═══ Material shown

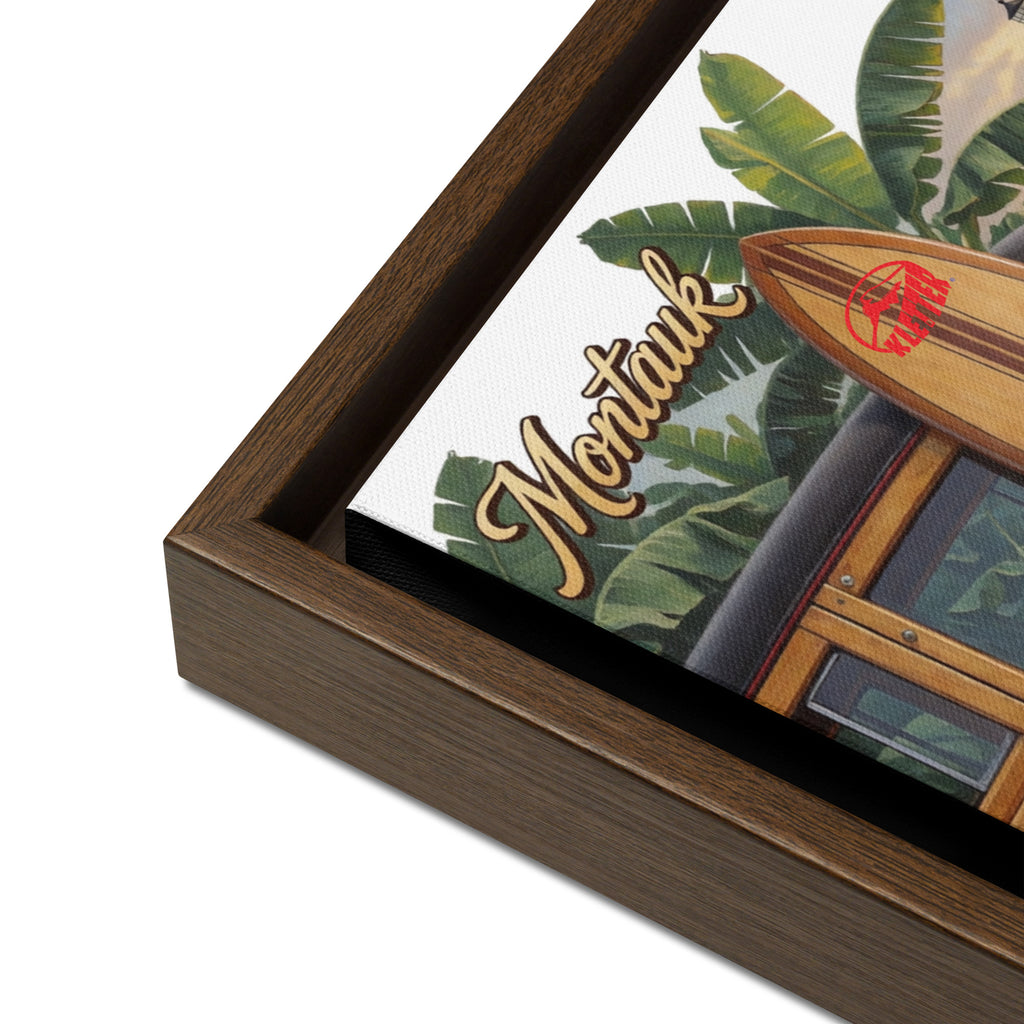 KLETTER STORE Wall Art - Framed Canvas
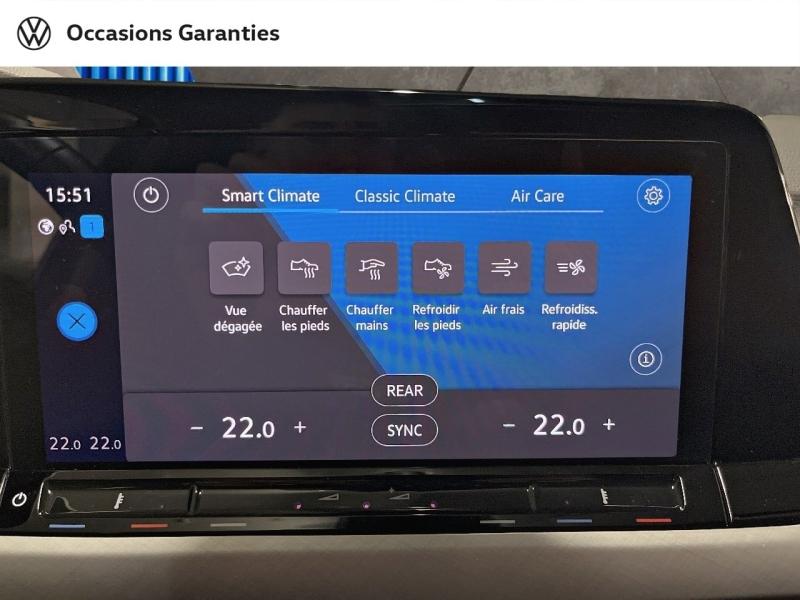 Voitures occasions VOLKSWAGEN GOLF Life Plus Paris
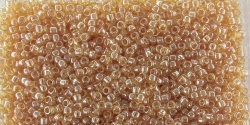 5g TOHO SeedBeads 15/0 TR-15-0103 B - Tr. Luster Yellow Amber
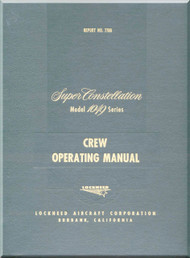Lockheed L-1049 Aircraft Flight Manual - 1951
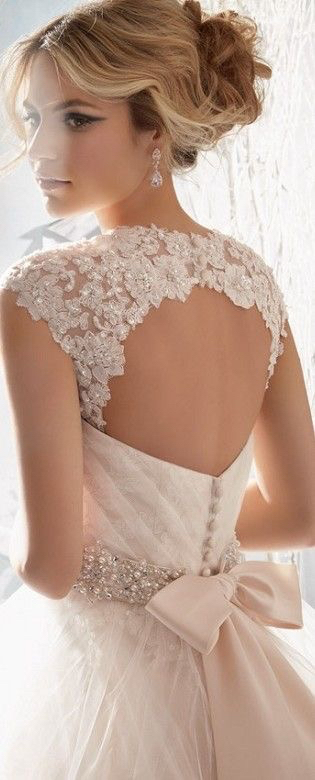 bridal wear, wedding dress and ivory
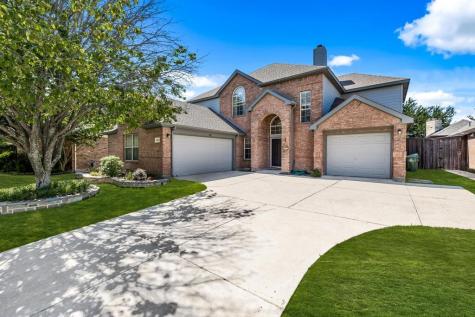 3805 Overlook Court The Colony TX 75056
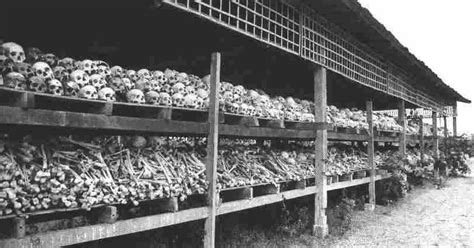 Exhumed from the killing fields, the bones of those persecuted under ...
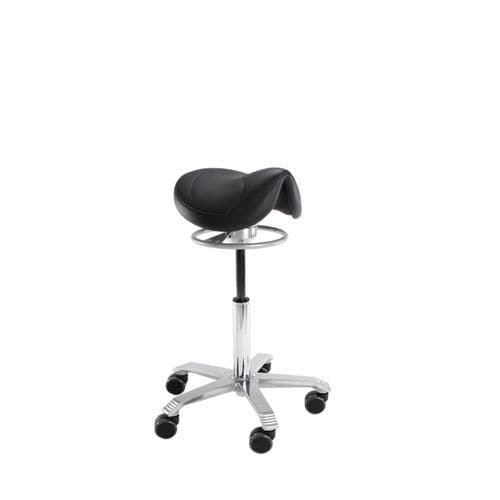 Sgabello per struttura sanitaria - Score Amazone Balance - Forme Medical - girevole / basculante / a forma di sella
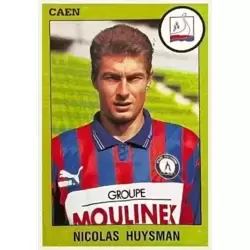 Nicolas Huysman - Caen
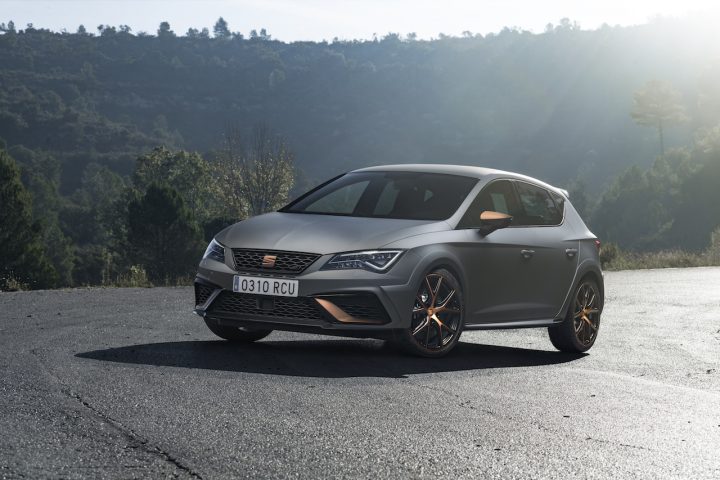 SEAT Leon CUPRA R Exterieur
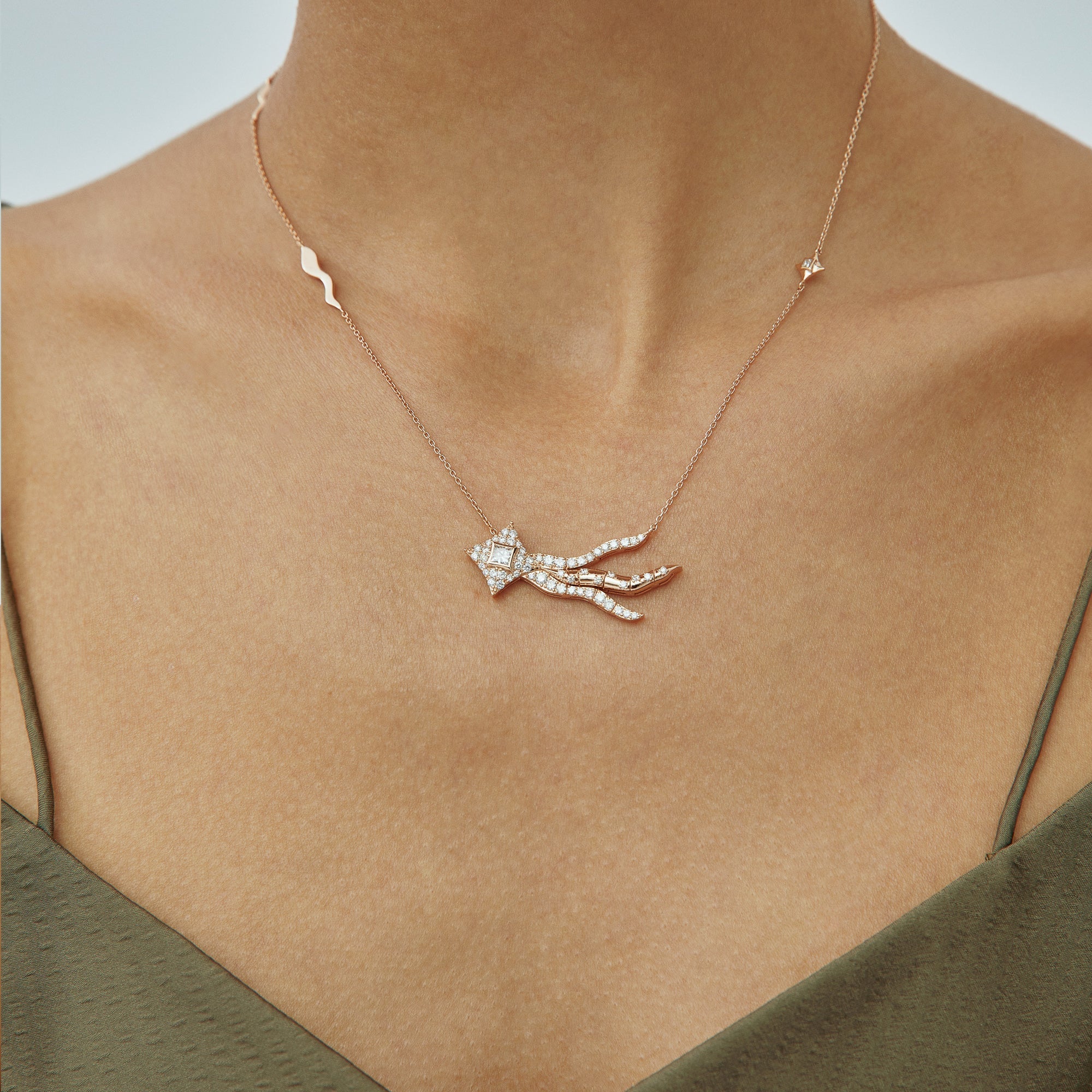 Flare Necklace - Velovis & Co.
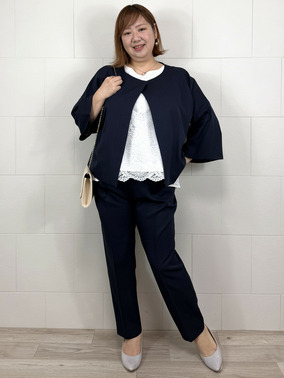 カラルス　セレモニーコーデ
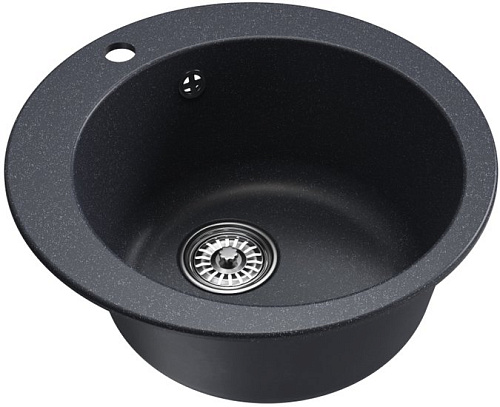Кухонная мойка Mixline ML-GM13 551897 (антрацит)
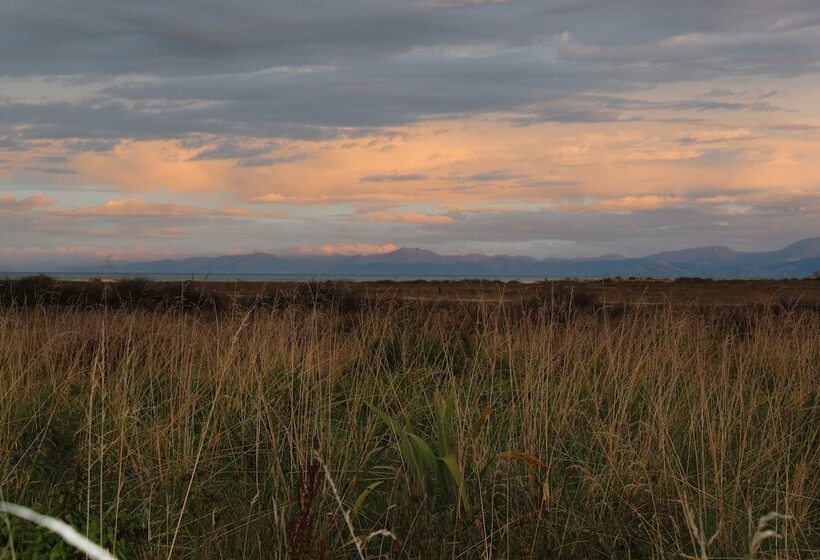 ユースホステル The Barn Cabins & Camp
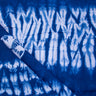 New Blue Shibori Tie Cotton Fabric Dye Online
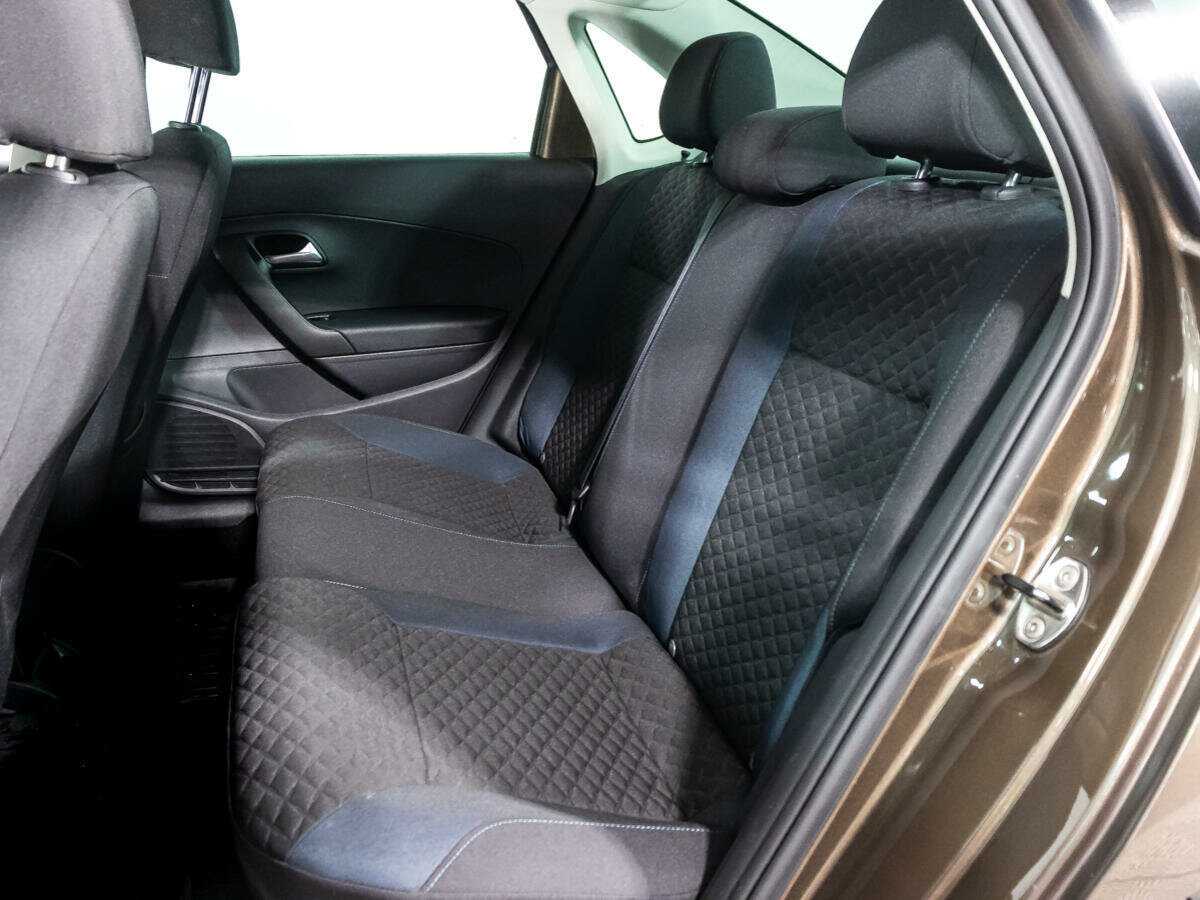 Volkswagen Polo 2019 года с пробегом. Фото: #9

══════

Output an exact copy of the material, with the pictures removed.

Expected output:
 KLETTER STORE Wall Art - Framed Canvas
 Voitures occasions VOLKSWAGEN GOLF Life Plus Paris
 5g TOHO SeedBeads 15/0 TR-15-0103 B - Tr. Luster Yellow Amber
Lockheed L-1049 Aircraft Flight Manual - 1951
 bridal wear, wedding dress and ivory
 3805 Overlook Court The Colony TX 75056
 Exhumed from the killing fields, the bones of those persecuted under ...
 Sgabello per struttura sanitaria - Score Amazone Balance - Forme Medical - girevole / basculante / a forma di sella
 Nicolas Huysman - Caen
 SEAT Leon CUPRA R Exterieur
 Flare Necklace - Velovis & Co.
 カラルス　セレモニーコーデ
Кухонная мойка Mixline ML-GM13 551897 (антрацит)
 ユースホステル The Barn Cabins & Camp
 New Blue Shibori Tie Cotton Fabric Dye Online
 Volkswagen Polo 2019 года с пробегом. Фото: #9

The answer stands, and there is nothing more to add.